Sanzo Antonio, Seganti Alessandro, Demarchi Andrea, Fino Riccardo Simone, Raso Irene, Codazzi Alessia Claudia, Petracci Barbara, Bongiorno Andrea, Rordorf Roberto, Mannarino Savina
Arrhythmia and Electrophysiology Unit, Division of Cardiology, Fondazione IRCCS Policlinico S. Matteo, 27100 Pavia, Italy.
Department of Molecular Medicine, University of Pavia, 27100 Pavia, Italy.
J Clin Med. 2025 Mar 29;14(7):2367. doi: 10.3390/jcm14072367.

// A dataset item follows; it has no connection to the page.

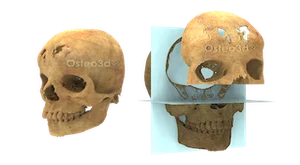 Virtual surgical planning 3D model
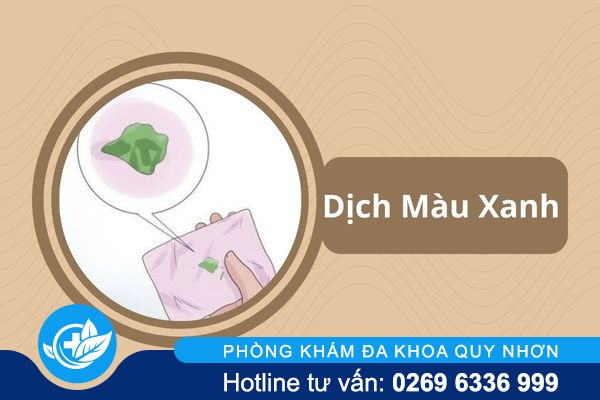 Dịch màu xanh – Dấu hiệu của bệnh phụ khoa nguy hiểm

Ventricular pre-excitation (VP) increases the risk of sudden cardiac death among children. While transcatheter ablation could potentially be therapeutic, it is not without risk, especially in smaller children. Accessory pathways (APs) may spontaneously lose anterograde conduction properties over time, making invasive treatment unnecessary. We aim to investigate the probability of spontaneous loss of VP during childhood, as well as the potential factors that may be associated with VP resolution. We conducted a retrospective study of patients with VP diagnosed before 12 years of age and referred to two Northern Italian tertiary care hospitals between 1993 and 2021. Patients with complex congenital heart disease were excluded. Our primary objective was to determine the likelihood of spontaneous resolution of VP. Overall, 153 patients were included, with a median age at first diagnosis of 4.9 years (25th-75th percentile: 75 days-8.4 years) and a median follow-up of 4.9 years (25th-75th percentile: 1.8-8 years). Through left truncated Kaplan-Meier analysis, we estimated that anterograde conduction would persist in 53% and 33.8% of patients at the age of 1 and 16 years, respectively. Our findings revealed that the absence of symptoms and intermittent VP were associated with a higher likelihood of VP resolution. It is noteworthy that no major arrhythmic events were reported. Our study strongly supports the implementation of a conservative strategy in younger children with VP. Our findings indicate that a significant proportion of pediatric patients may experience spontaneous resolution of VP in the early years of their lives, making any invasive treatment unnecessary.
心室预激(VP)会增加儿童心脏性猝死的风险。虽然经导管消融术可能具有治疗作用,但并非没有风险,尤其是对年龄较小的儿童。随着时间的推移,旁路(APs)可能会自发丧失前向传导特性,从而无需进行侵入性治疗。我们旨在研究儿童期VP自发消失的可能性,以及可能与VP消失相关的潜在因素。我们对1993年至2021年间在意大利北部两家三级护理医院就诊的12岁前诊断为VP的患者进行了一项回顾性研究。患有复杂先天性心脏病的患者被排除在外。我们的主要目标是确定VP自发缓解的可能性。总体而言,共纳入153例患者,首次诊断时的中位年龄为4.9岁(第25至75百分位数:75天至8.4岁),中位随访时间为4.9岁(第25至75百分位数:1.8至8岁)。通过左截断Kaplan-Meier分析,我们估计在1岁和16岁时,分别有53%和33.8%的患者前向传导会持续存在。我们的研究结果显示,无症状和间歇性VP与VP消失的可能性较高相关。值得注意的是,未报告重大心律失常事件。我们的研究有力地支持了对年龄较小的VP患儿实施保守策略。我们的研究结果表明,相当一部分儿科患者在生命早期可能会出现VP自发缓解,无需进行任何侵入性治疗。